Records excerpted from a collection
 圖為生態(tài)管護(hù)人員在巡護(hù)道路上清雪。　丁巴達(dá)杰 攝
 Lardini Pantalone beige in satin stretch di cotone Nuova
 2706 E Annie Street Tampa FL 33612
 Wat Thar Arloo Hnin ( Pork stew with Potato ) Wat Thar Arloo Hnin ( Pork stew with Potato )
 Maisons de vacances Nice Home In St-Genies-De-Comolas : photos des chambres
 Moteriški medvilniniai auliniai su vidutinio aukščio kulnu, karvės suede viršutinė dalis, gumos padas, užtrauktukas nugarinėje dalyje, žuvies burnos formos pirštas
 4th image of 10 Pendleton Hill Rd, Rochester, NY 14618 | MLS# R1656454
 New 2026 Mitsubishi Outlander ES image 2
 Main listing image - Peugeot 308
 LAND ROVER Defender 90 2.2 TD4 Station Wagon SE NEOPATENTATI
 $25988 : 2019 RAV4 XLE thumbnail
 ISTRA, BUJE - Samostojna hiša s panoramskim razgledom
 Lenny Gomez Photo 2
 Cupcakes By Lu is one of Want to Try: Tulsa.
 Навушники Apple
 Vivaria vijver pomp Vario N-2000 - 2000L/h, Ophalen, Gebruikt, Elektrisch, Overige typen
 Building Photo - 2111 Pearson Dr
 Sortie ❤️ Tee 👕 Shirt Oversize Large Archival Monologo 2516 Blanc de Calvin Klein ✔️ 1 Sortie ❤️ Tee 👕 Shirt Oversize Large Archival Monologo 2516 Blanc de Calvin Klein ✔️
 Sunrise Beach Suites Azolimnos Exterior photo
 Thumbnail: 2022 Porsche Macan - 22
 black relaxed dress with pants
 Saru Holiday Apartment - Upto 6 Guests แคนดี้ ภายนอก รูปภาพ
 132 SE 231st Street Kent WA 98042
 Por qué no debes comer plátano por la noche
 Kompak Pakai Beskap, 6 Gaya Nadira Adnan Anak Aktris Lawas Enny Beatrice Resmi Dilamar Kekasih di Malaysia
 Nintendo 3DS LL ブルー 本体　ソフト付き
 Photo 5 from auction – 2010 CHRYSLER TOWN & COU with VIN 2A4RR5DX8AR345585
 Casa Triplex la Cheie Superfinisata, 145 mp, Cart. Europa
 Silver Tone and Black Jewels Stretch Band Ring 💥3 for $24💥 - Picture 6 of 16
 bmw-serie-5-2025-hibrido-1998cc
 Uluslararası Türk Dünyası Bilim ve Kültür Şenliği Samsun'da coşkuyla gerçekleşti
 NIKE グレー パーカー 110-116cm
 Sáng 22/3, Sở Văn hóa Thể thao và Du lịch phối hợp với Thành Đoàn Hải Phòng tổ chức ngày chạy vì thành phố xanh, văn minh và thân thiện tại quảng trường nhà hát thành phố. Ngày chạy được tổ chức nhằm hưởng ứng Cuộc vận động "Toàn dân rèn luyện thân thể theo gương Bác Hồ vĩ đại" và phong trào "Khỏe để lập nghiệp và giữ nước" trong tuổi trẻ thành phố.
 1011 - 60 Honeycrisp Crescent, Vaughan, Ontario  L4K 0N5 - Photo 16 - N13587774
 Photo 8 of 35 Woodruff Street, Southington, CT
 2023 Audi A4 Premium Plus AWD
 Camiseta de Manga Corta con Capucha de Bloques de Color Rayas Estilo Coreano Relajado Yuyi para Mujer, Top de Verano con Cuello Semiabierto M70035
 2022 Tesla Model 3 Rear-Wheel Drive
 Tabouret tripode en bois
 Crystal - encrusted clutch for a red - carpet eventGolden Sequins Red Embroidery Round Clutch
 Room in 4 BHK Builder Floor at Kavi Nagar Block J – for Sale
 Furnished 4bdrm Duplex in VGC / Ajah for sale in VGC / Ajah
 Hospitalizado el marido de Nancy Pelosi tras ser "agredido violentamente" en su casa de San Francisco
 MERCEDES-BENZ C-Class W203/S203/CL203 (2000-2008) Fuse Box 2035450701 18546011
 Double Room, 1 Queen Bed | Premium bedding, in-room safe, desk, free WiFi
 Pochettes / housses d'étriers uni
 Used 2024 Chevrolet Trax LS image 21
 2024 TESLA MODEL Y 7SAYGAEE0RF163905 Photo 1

Action item ▸ The lines above from the one containing "Uluslararası Türk Dünyası" through the one containing "NIKE グレー パーカー 110-116cm" are to be set down exactly, and no others.

Response below ▸
 Uluslararası Türk Dünyası Bilim ve Kültür Şenliği Samsun'da coşkuyla gerçekleşti
 NIKE グレー パーカー 110-116cm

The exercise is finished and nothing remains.